The larger socio-political argument for Mortenson's work is compelling, but the heart of his project is really what an opportunity to go to school can mean for a village, or even more, for a particular student: it's the students scraping out their lessons in the dirt who inspired Mortenson to help them, not some grandiose theory about reconciling East and West. Haji Ali's granddaughter Jahan is one of those students in Korphe. Later, after becoming "one of the Korphe school's best students," she interrupts a meeting Mortenson is having with the village elders to demand he fulfill another of his promises, to help her realize her dream of becoming a doctor. "'I'm ready to begin my medical training,'" she announces, "'and I need twenty thousand rupees.'" Journalist Kevin Fedarko was there:
'It was one of the most incredible things I've ever seen in my life,' Fedarko says. 'Here comes this teenage girl, in the center of a conservative Islamic village, waltzing into a circle of men, breaking through about sixteen layers of tradition at once. She had graduated from school and was the first educated woman in a valley of three thousand people. She didn't defer to anyone, sat down right in front of Greg, and handed him the product of the revolutionary skills she'd acquired--a proposal, in English, to better herself, and improve the life of her village.'
With help from the CAI, Jahan pursues the next level of her studies in the nearby city of Skardu. She flourishes, and as her horizons broaden, so too do her ambitions:
'I don't want to be just a health worker. I want to be such a woman that I can start a hospital and be an executive, and look over all the health problems of all the women in the Braldu. I want to become a very famous woman of this area. . . . I want to be a . . . "Superlady,"' she said, grinning defiantly, daring anyone, any man, to tell her she couldn't.
It's impossible not to agree with Mortenson: "Five hundred and eighty letters, twelve rams, and ten years of work was a small price to pay . . . for such a moment." And yet it seems important not to forget that though Jahan may indeed be breaking traditions, defiantly daring men in particular to stop her, it was those very village elders, and especially her own grandfather, Haji Ali, whose vision and persistence first brought Mortenson to her.

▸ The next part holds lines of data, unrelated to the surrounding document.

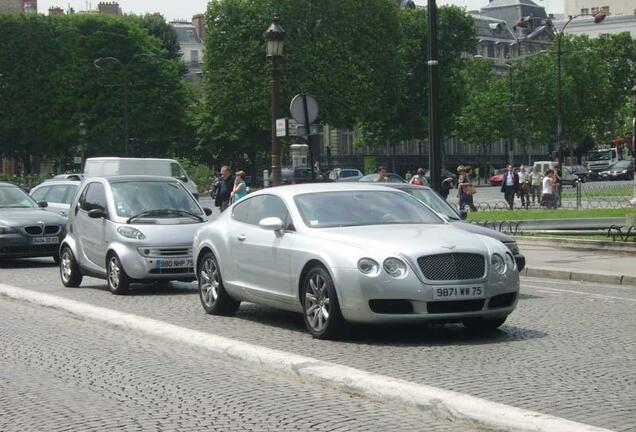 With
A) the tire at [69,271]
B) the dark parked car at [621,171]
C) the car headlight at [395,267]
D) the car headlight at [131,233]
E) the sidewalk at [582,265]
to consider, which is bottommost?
the dark parked car at [621,171]

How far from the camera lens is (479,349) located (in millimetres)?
10297

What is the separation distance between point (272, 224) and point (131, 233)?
5.34m

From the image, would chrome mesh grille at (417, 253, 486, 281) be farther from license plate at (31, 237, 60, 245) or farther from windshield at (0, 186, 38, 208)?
windshield at (0, 186, 38, 208)

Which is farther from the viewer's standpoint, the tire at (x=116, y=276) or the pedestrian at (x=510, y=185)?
the pedestrian at (x=510, y=185)

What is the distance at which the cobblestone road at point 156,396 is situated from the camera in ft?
24.2

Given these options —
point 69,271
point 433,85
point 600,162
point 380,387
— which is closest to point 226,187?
point 433,85

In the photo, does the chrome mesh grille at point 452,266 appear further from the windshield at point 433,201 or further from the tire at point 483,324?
the windshield at point 433,201

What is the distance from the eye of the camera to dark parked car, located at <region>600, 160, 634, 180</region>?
92.8 meters

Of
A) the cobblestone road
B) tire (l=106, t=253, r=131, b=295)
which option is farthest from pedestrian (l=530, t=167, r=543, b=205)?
the cobblestone road

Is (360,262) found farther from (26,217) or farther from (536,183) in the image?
(536,183)

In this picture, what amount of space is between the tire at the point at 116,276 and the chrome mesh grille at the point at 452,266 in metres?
6.78

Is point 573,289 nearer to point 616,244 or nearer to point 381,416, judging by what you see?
point 616,244

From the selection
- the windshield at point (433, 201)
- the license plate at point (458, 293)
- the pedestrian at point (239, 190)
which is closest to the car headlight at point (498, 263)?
the license plate at point (458, 293)

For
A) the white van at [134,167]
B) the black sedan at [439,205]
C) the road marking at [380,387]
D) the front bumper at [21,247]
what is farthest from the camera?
the white van at [134,167] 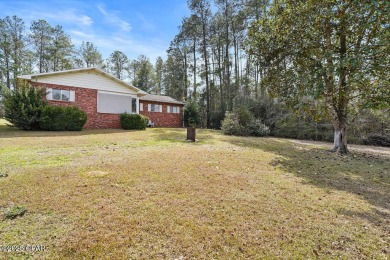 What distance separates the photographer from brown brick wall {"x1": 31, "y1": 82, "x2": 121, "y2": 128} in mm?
13641

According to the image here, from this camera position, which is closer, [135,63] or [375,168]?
[375,168]

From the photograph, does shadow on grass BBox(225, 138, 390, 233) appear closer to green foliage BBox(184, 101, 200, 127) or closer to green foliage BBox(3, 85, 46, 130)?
green foliage BBox(3, 85, 46, 130)

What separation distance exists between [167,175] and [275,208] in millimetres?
2247

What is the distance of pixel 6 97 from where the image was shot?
35.7 ft

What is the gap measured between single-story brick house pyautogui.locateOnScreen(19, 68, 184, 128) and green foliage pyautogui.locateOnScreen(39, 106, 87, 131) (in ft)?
4.81

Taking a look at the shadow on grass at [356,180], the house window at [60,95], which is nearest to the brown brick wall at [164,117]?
the house window at [60,95]

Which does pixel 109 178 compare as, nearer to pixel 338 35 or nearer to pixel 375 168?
pixel 375 168

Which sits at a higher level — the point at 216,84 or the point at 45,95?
the point at 216,84

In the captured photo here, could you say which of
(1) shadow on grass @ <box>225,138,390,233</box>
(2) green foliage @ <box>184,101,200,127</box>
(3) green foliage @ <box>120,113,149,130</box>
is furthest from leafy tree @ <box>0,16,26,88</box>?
(1) shadow on grass @ <box>225,138,390,233</box>

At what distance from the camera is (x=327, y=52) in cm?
641

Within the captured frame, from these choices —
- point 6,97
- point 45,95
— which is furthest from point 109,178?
point 45,95

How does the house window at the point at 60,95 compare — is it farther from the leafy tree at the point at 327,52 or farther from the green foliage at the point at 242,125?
the leafy tree at the point at 327,52

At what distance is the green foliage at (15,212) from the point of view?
8.20ft

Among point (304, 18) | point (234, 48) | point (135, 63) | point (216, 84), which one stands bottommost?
point (304, 18) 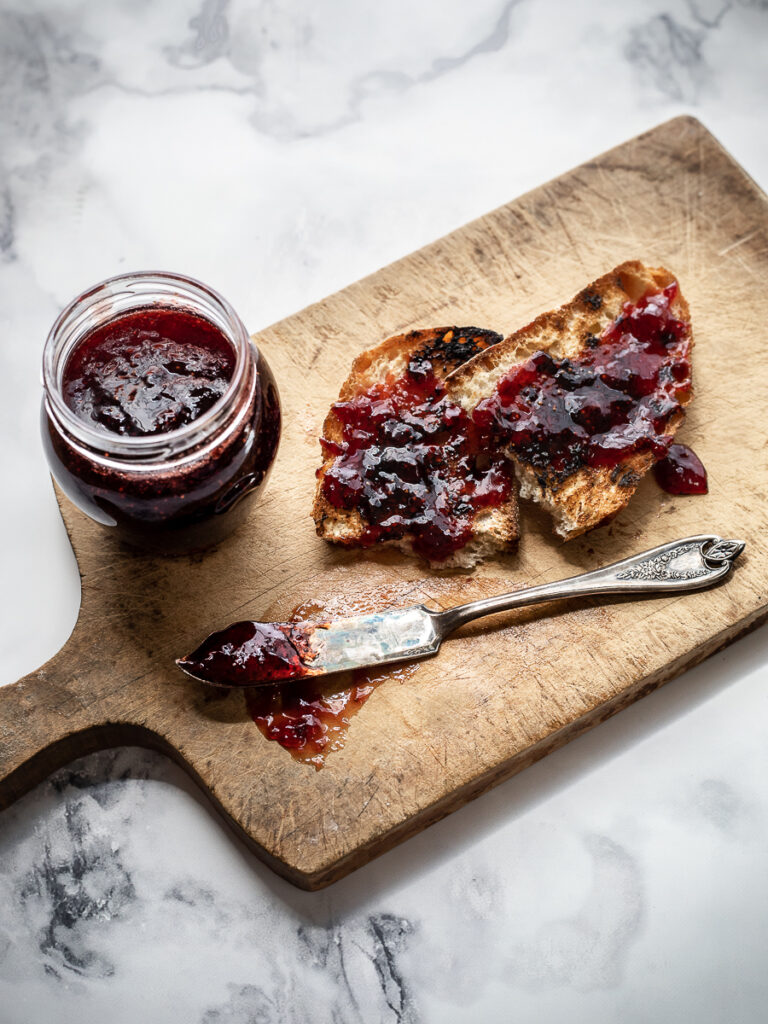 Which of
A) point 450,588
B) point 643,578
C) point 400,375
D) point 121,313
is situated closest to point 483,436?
point 400,375

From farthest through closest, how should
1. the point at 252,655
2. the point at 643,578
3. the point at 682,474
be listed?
the point at 682,474, the point at 643,578, the point at 252,655

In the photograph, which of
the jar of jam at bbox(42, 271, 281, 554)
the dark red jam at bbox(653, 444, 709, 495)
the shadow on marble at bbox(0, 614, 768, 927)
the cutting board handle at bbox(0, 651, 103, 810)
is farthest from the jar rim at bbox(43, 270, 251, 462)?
the dark red jam at bbox(653, 444, 709, 495)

I thought Three Cups of Tea was overwritten: the descriptions are excessive, the prose sometimes heavy-handed and tendentious. I also wonder about the long passages of dialogue, even speeches, that appear to have been remembered with uncanny precision despite the hectic circumstances of the moment and the passage of time. The story itself, however, is intrinsically so interesting, and such a testimony to the ability of a single person to move mountains (a metaphor that, perhaps inevitably, is exploited endlessly because of Mortenson's climbing background) that it's a great read nonetheless. I challenge any of you to read it and not end up, as I did, making a donation. Yes, it is a good thing to promote peace. But whatever the other results, it's an intrinsically good thing for children to have a clean, safe place to learn, and a particularly great thing for girls to have an equal share in this opportunity.

Girls study in outdoor school, Afghan refugee camp, Pakistan
Image courtesy Central Asia Institute

1 comment:

Unfocused Idiot said...

Oh, that's wonderful. Thank you for bringing this book to my attention. How many problems could be solved if people would just listen and then care? I'm thinking of the climate conference in Copenhagen.